When many students attempted Storage Containers, they measured the size of one container (2 centimeters scaled up to give the actual size of a container as 20) and then measured the amount that each additional container stuck out above the one below (0.5 centimeters scaled up to give the actual size of a stick out as 5). Then they tried to represent the height of the stack in terms of the height of one container plus the height of x-1 stick outs; algebraically,
as H = 20 + 5(x-1), where H represented the total height of the task, and x represented the number of containers in the stack.
When students produce a formula of this type, it is clear that they have successfully navigated what we refer to as the x-1 aspect of this family of tasks. This is an aspect of Shopping Carts that very few students manage to process correctly. The mistake that occurs when students do not successfully navigate the x-1 aspect of Storage Containers is usually expressed as follows:
H = 20 + 5x, where H represents the total height of the task, and x represents the number of containers in the stack.
In contrast to both Shopping Carts and Storage Containers, however, many students working on Paper Cups will immediately decompose the cup into the following two parts, which they sometimes label as the body and the brim, as illustrated in the student solution in Figure 10. This decomposition enables many students to create the required formula directly in terms of the height of body of one cup plus the height of x brims, as illustrated in the remainder of this student's response (Figure 11).
Clearly, the structure of the cup lends itself to this decomposition, which enables students to finesse the x-1 aspect of the task. The specific features of the cup reduce the conceptual demands of the problem. We say this because the specific features of the cup enable students to deal with x lips rather than x-1 cups, and dealing with
x is less sophisticated than dealing with x-1. Put in another way, the contextual factors associated with the cup provide greater opportunity for students to perform.
Paper Cups emerges, therefore, as a task that has a relatively high strategic hurdle, is appropriately challenging, and yet can be presented without relying on any directive questioning. It is a type of task that can he quite beneficial to use with students who are not accustomed to solving context-based problems. It also is a good introduction to non-routine tasks because it may be solved with lower levels of tenacity, it encourages perseverance, and it enables students to show what they can do rather than what they cannot do.
These findings have important implications for the model of assessment that is advanced in Chapter 2, which recommends separating assessment of mathematical skills, conceptual understanding, and problem solving. In this family of problem-solving tasks that involved stacks, students showed the most success when the conceptual demand of the task was reduced. Therefore, task developers should take care that the conceptual demands of a problem-solving task do not prevent students from showcasing their problem-solving capabilities.

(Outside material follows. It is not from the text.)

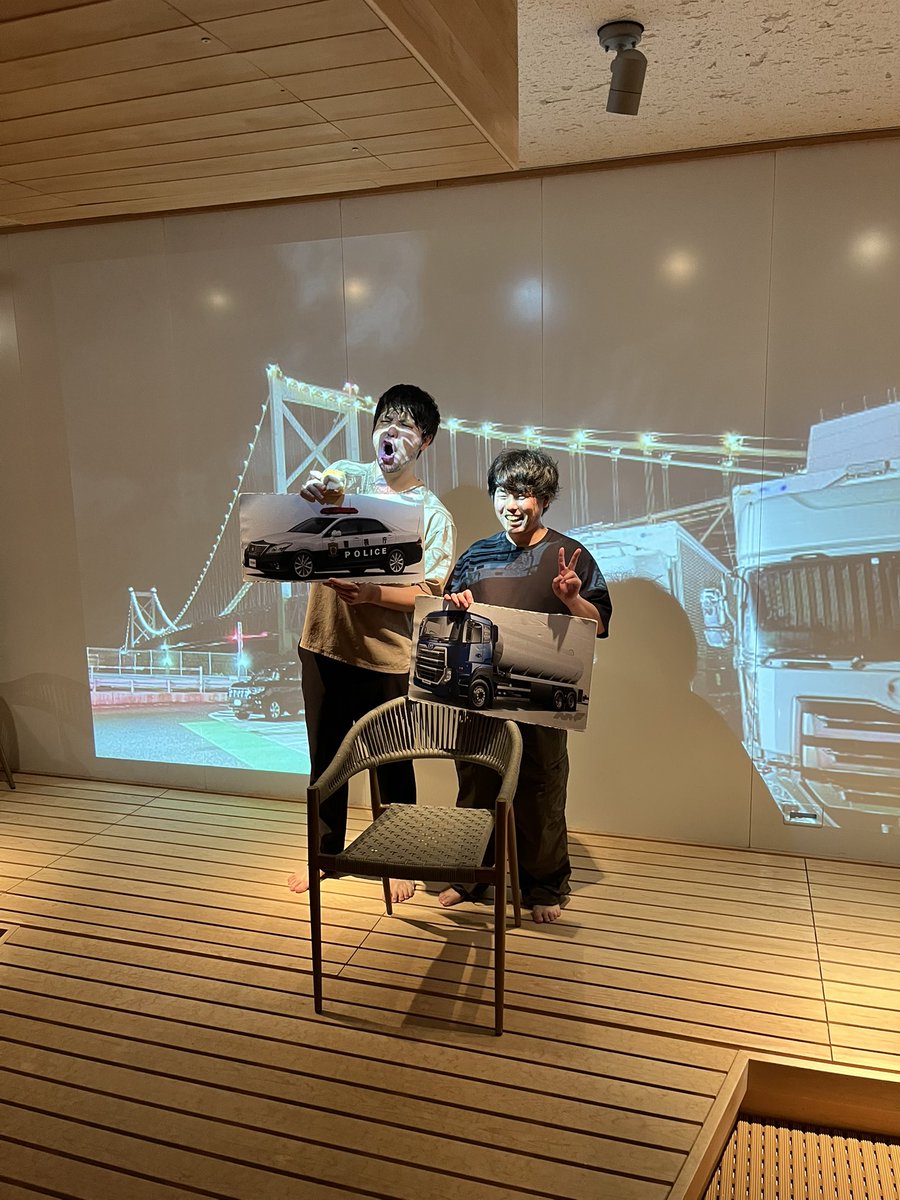 常総ONSEN&SAUNAお湯むすび®️ tweet media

These findings also demonstrate one way to increase access to a task without using scaffolding to structure or dictate an approach to the task, thereby reducing its strategic demands. Access may be improved by reducing the conceptual demand of the task while keeping the strategic demand of the task intact. Of course this does not mean that assessment of conceptual understanding is to be sacrificed in the interest of assessing problem solving. Remember, the model advanced in Chapter 2 recommends creating specific tasks to assess conceptual understanding. In these specially designed tasks, the conceptual demands will need to be as deep and as far ranging as the conceptual demands of the standards on which the assessment is based.
The implications of contextual challenge on opportunity to learn
Considerable attention has been invested in examining both the obvious and the more subtle differences among the cart, container, and cup tasks. Given current recommendations to situate some mathematical learning and assessment activities in realistic contexts (e.g., NRC 1993b; NCTM, 1995), it is worthwhile to explore in detail the ways in which specific contexts outside of mathematics can facilitate or challenge mathematical thinking. In assessment, particularly when the stakes are high, it is imperative to discern the ways in which the contexts affect opportunity to perform and consequently issues such as equity and fairness. Because any context will be more familiar to some students than others, some bias is inevitable, but bias can be reduced through continual review and input from equity experts who can detect biases not apparent to the task designer.

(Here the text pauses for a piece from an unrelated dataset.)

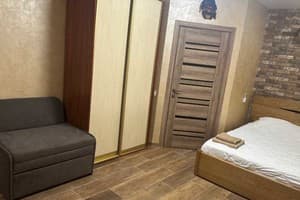 на Садовского 4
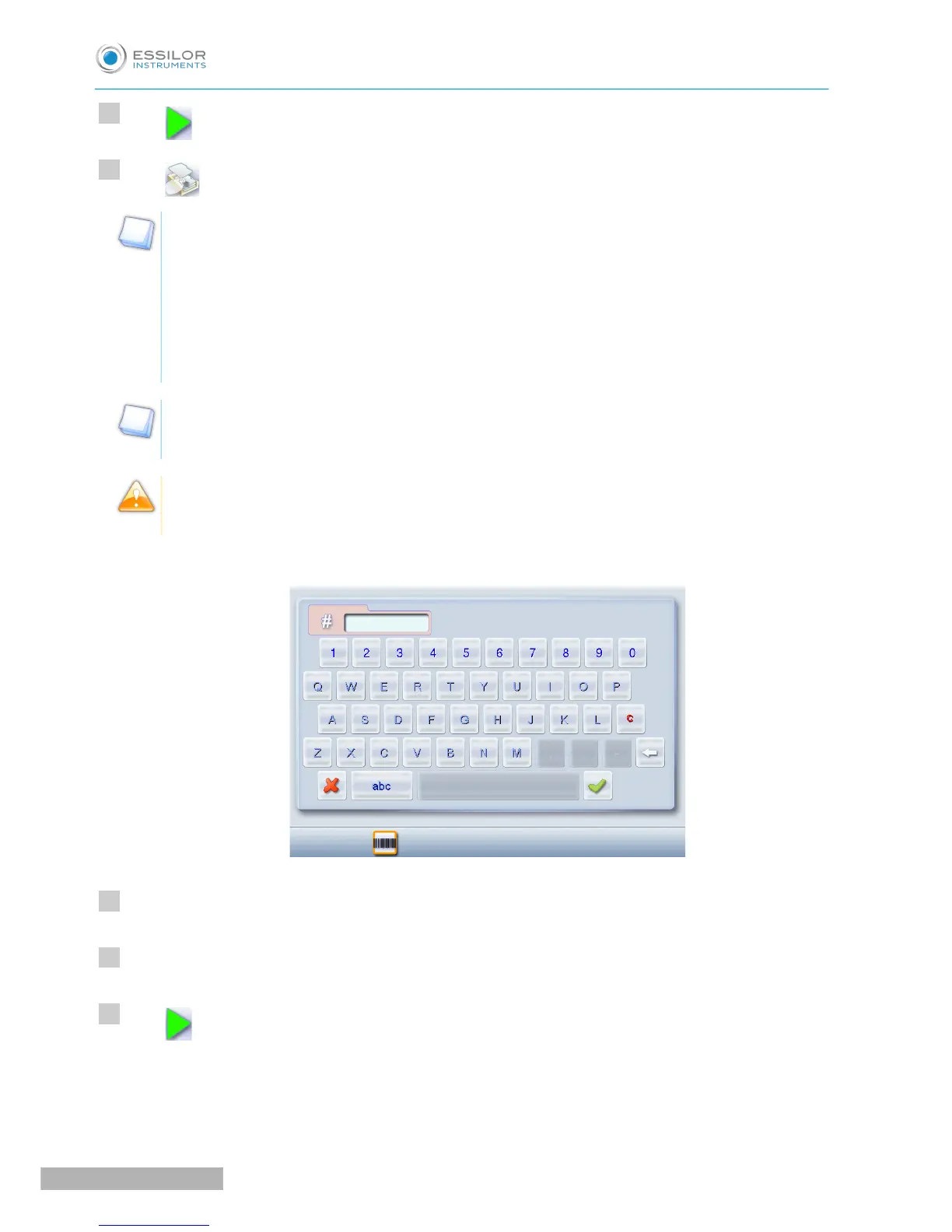 Page #114 background image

Some connections with the world outside of mathematics are recommended for learning as well as for assessment (e.g., NCTM, 1989, 1995; NRC, 1993b). In view of this recommendation, the research into the relative effects of replacing carts with containers and then containers with cups leads to questions about the relative effects of the specifics of linear function tasks that rely on contexts such as car rental charges, phone call charges, and electricity charges. When each of these involves an initial value in the form of a fixed charge and a constant increase in the form of a fixed charge per day, or fixed charge per minute of call, or fixed cost per kilowatt-hour of electricity, each of these situations can be modeled by y = kx + b. These types of problems are now commonly used in schools to teach linear functions. The issue is how the specifics of these situations might count for or against student learning. A comparison of student performance on this type of task relative to student performance on Paper Cups or other stacking applications would probably lead to interesting insights. At this stage, it seems that the context of the tasks involving stacking would make the underlying concepts more accessible to students. This is because
the quantities that are to be related to each other in Paper Cups (number and height) seem to be much more tangible for students than the quantities to be related in tasks situated in contexts involving rental car, phone call, or electricity charges.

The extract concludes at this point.